Leave out the pictures and repeat exactly the lines from the one containing "Happy New Year" through the end of the records.
===== ENTRIES SHOWN
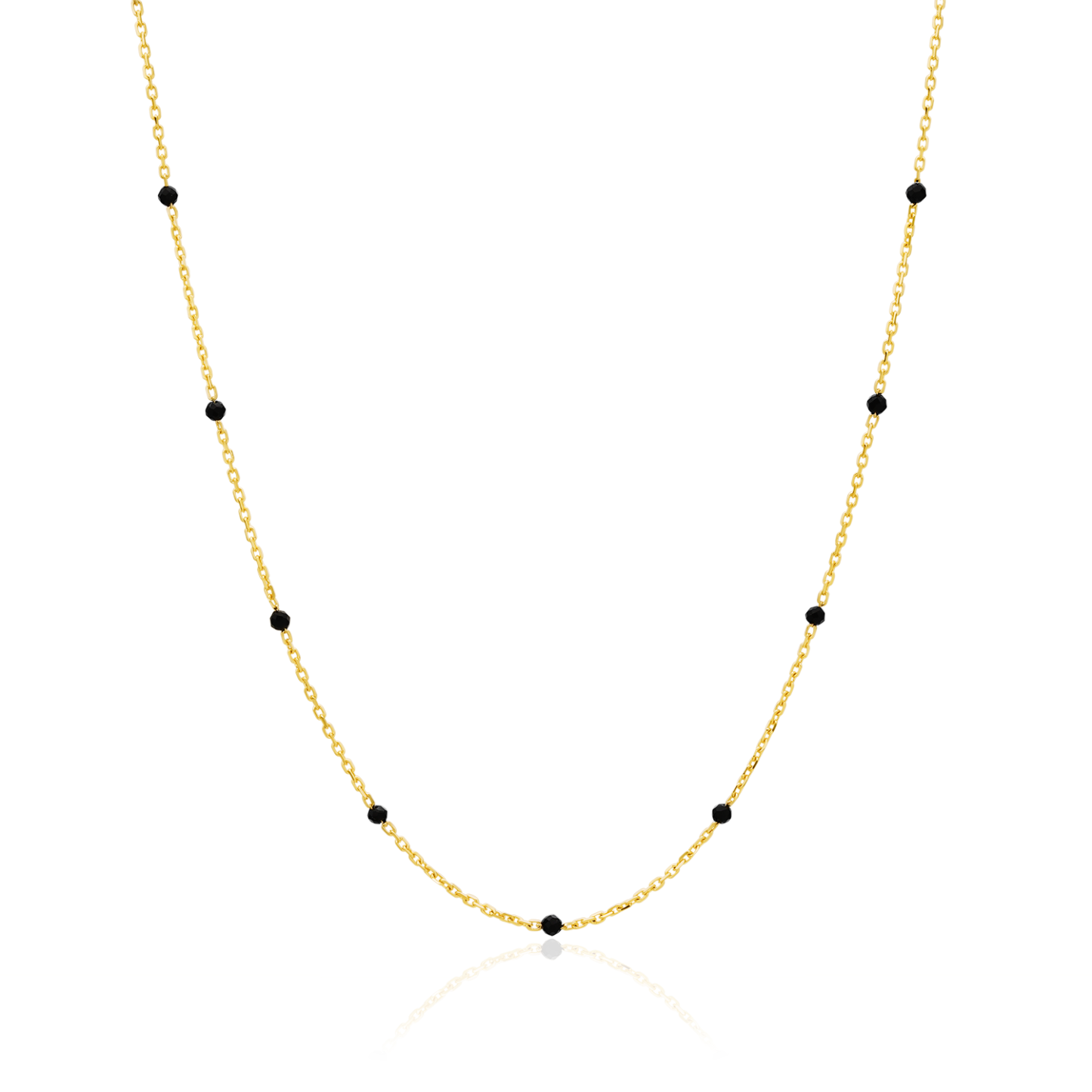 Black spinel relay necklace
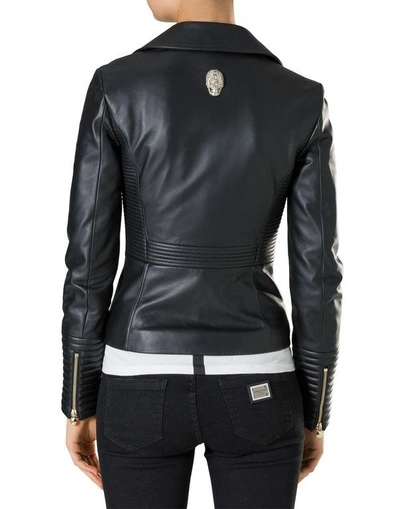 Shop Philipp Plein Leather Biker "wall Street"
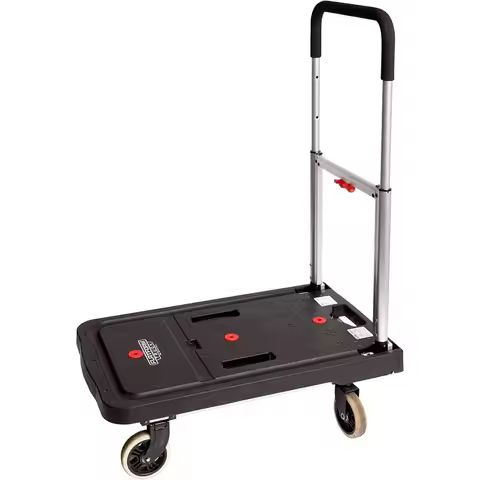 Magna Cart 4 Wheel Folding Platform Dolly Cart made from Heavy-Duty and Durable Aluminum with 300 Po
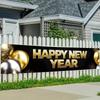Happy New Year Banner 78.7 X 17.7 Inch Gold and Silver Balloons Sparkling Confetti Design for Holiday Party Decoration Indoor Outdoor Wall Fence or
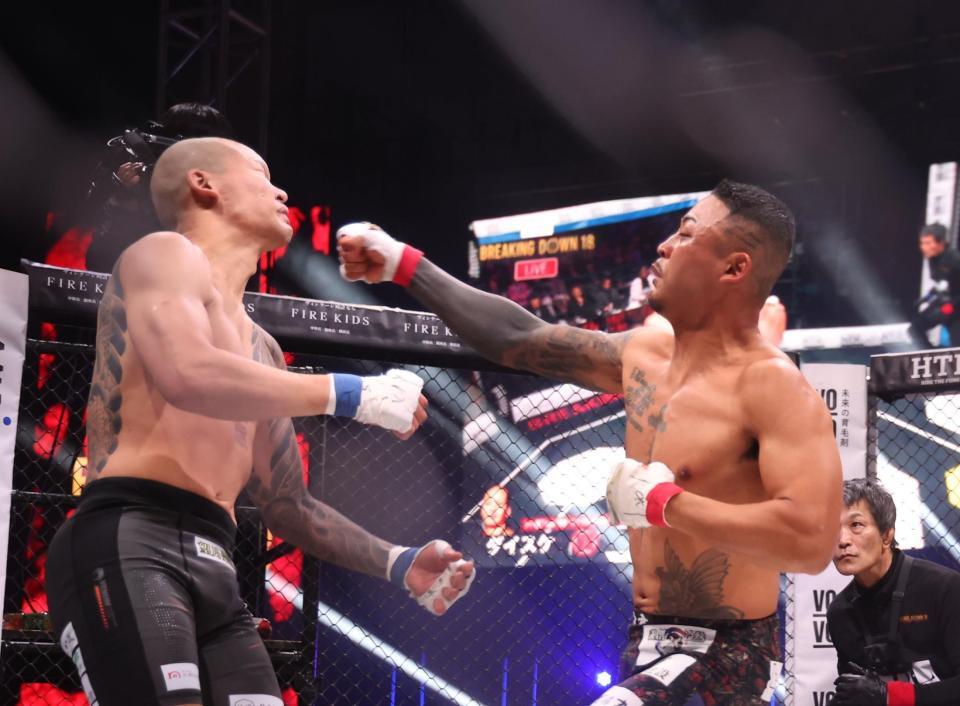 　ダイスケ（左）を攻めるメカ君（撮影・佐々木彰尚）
==========
#### SOLUTION:
Happy New Year Banner 78.7 X 17.7 Inch Gold and Silver Balloons Sparkling Confetti Design for Holiday Party Decoration Indoor Outdoor Wall Fence or
 　ダイスケ（左）を攻めるメカ君（撮影・佐々木彰尚）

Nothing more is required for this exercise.